Prolog

83 10 6
                                    

"MAU LO APA, BANGSAT?!!!" Teriak cowok tertua itu dengan emosinya yang tak terkontrol. Sementara yang ditanya hanya diam.

Bugh

"JAWAB ANJ*NG" ia semakin tersulut emosi.

"LO PUNYA MULUT NGGAK?!!"

Bugh

"Jangan bawa-bawa adek gue ke masalah lo" tambah salah satu cowok yang berusaha menahan emosi kakaknya.

"Gue sayang dia. Gue gak mungkin bawa dia ke masalah gue" jawaban yang ditunggu, namun membuat ketiga cowok lainnya yang berada disitu merasa tak puas. Mulutnya berdarah, sedikit sobek.

"Masih mau bela diri lo?"

"Jauhin adek gue!" Ujar salah satu dari mereka dan mereka pun beranjak dari sana.

"Brengsek"

***

Di tengah keramaian pagi itu, Caca memandang malas ke arah depan mobilnya. Sopir pribadinya terus menekan tombol klakson, berusaha untuk melewati kemacetan ini. Caca merutuki dirinya sendiri yang begadang semalaman karena menonton drama korea yang disukainya. Kalau sudah seru, seorang Caca bakalan rela menghabiskan waktu berjam-jam untuk menyelesaikan sepaket drama apapun. Dan beginilah hasilnya, ia harus terlambat karena ulahnya sendiri.

"Pak Maman" panggil Caca pelan. Namun, sang sopir itu tak menyahutinya.

"Pak Mamannnnn" panggilnya dengan lebih keras.

"Eh, ia non" Pak Maman gelagapan.

"Masih lama ya?" Pak Maman mengangguk , membuat Caca menghela nafas berat. Ia menyesal menolak tawaran kedua kakaknya untuk pergi ke sekolah bersama. Tentunya menggunakan motor-motor kesayangan mereka yang mampu menembus kemacetan seperti ini. Namun, karena  insiden seminggu yang lalu Caca mendiami ketiga kakakknya karena kejahilan mereka pada pacarnya. Namun ia tak tahu, kejahilan mereka bukan sekedar kejahilan. Alhasil ia harus menerima kenyataan bahwa ia akan terlambat.

Tiba-tiba ada yang mengetuk kaca jendela mobil, mengageti Caca dan Pak Maman yang sedang terdiam.

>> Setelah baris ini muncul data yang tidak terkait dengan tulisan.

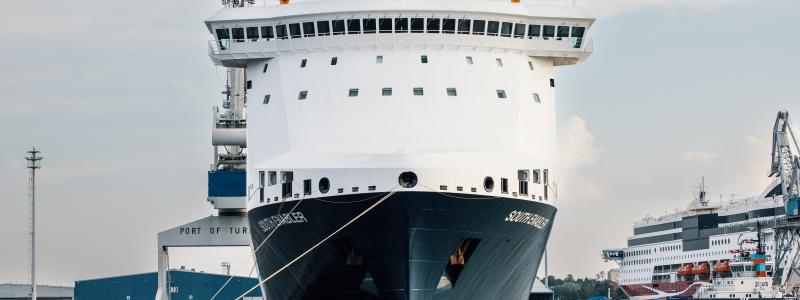Det 203,4 meter långa, isklassade fartyget har en toppfart på 22 knop. Foto: WALLENIUS SOL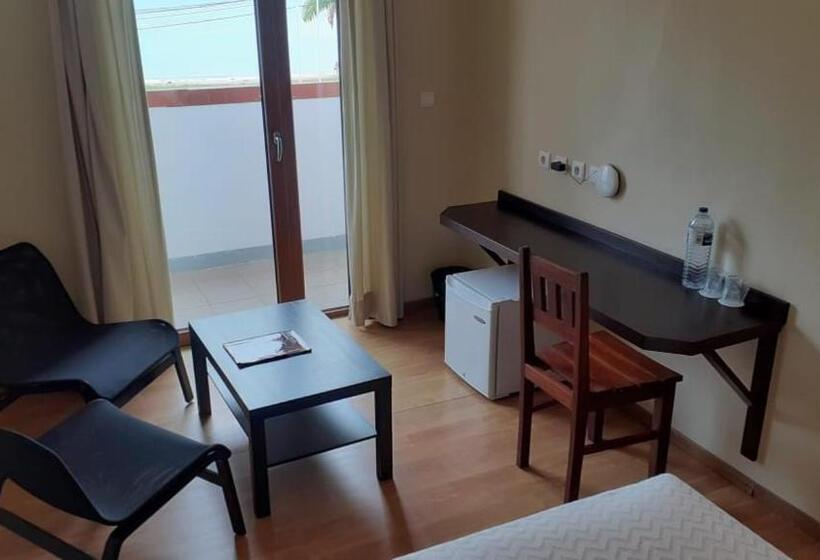 هتل Emoyeni Gardens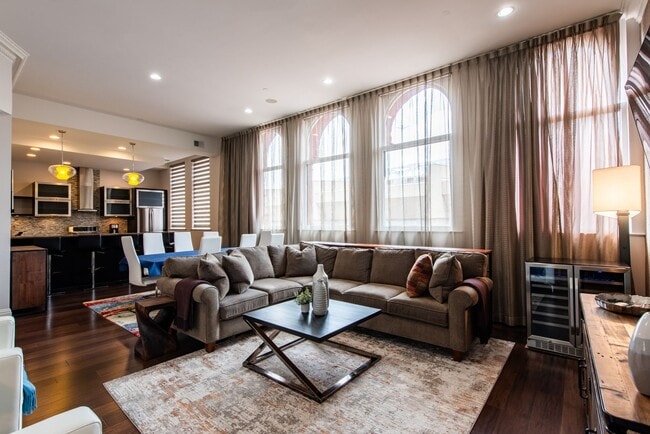 Building Photo - Furnished 3 bedroom/2bath Condo including Utilities!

Caca pun menurunkan kaca dan melihat cowok yang mendiaminya seminggu ini.

"Keluar, naik" ujar cowok itu dingin.

"Eh, ada den Alfa, mau berangkat bareng non Caca?" tanya Pak Maman sambil tersenyum. Alfa pun hanya mengangguk.

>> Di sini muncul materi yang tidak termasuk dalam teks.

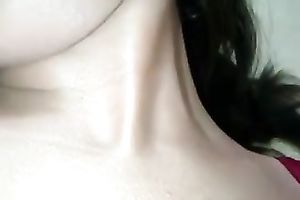 Sizzling sexy dark brown strumpet gives me excellent head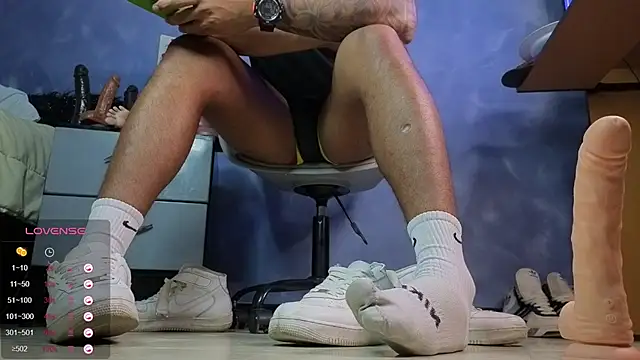 TomLover 12 online show from 02-27-26, 05:18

Dengan takut, Caca mengambil tas dan handphonenya, keluar dari mobil dan mengucapkan terima kasih kepada Pak Maman. Ia pun menerima helm berwarna putih dari tangan Alfa dan menaiki motor sport yang amat tinggi itu. Untungnya, ia memiliki tinggi yang pas-pasan. Tanpa mengatakan apa-apa lagi, kedua sejoli itu menembus kemacetan dengan kecepatan motor yang super tinggi membuat Caca mau tak mau harus memeluk pinggang ramping Alfa. Sungguh ia ingin hilang saja dari muka bumi sekarang juga.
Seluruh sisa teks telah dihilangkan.